The extras block allows you to specify which types of related packages should be included along with the package itself.

The extras block is additive to the --include flag that the source was created with. See the section on source-level included packages to learn more.

The following values are valid for the extras block:

  • depends
  • imports
  • linking-to
  • suggests
  • all

Suggested dependency inclusions

Suggested dependencies, when included, are included only at a single level, not recursively; all other types are included recursively.

As an example, a requirements.txt file could look like:

requirements.txt
A3 >= 0.9.2 [all]
ggplot2 == 3.4.4
plumber [suggests]

-r requirements2.txt

This fetches and installs:

  • A3 with versions greater than or equal to 0.9.2 along with all related packages
  • Only ggplot2 version 3.4.4
  • All available versions of plumber along with suggested packages.
  • All packages from requirements2.txt.

Filtering by version is not supported for:

  • Curated CRAN sources created prior to Package Manager version 2024.04
  • Sources created using the --strict flag

By default, the depends, imports, and linking-to dependencies for each package are included. The default types of related packages to include can be configured per source.

See the section on source-level included packages to learn more.

As shown in the example above, a package doesn't need to have any version constraints defined. It can also have as many version constraints as needed. The versions made available to Package Manager depend on what is available at the snapshot date specified when updating the source.

All version parsing and matching criteria is based on PEP-440. Refer to the PEP-440 documentation for information on version formatting and constraints. For more information on the Requirements File Format, refer to pip's documentation.

requirements.txt limitations

Not everything defined in the Requirements File Format specification is supported in Package Manager.

The curated-cran source only parses package names, version ranges, and recursive file references. Any other definitions (e.g., option flags, environment markers) within an uploaded requirements.txt file is ignored.
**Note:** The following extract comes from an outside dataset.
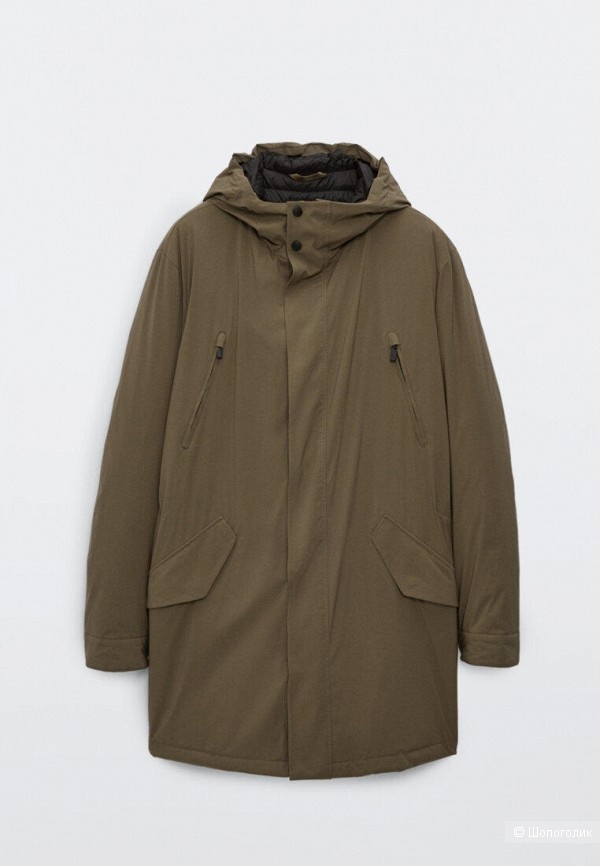 Massimo dutti мужская парка размер L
The requirements.txt file also supports declaring multiple references of the same package with different version constraints:

requirements.txt
tidyr == 1.3.0
...
tidyr == 1.3.1

This will be treated as an OR operator, leading the curated-cran source to evaluate the defined version constraints as "tidyr == 1.3.0 or tidyr == 1.3.13".

In this example, Package Manager pulls in version 1.3.0 and version 1.3.1.

Excluding a package using multiple references

Use caution when referencing a package multiple times when using a != constraint. As an example:

requirements.txt
tidyr >= 1.1.0, < 1.3.0
...
tidyr != 1.2.1

This still includes version 1.2.1 because it is being evaluated as "tidyr >= 1.1.0, < 1.3.0 or tidyr != 1.2.1"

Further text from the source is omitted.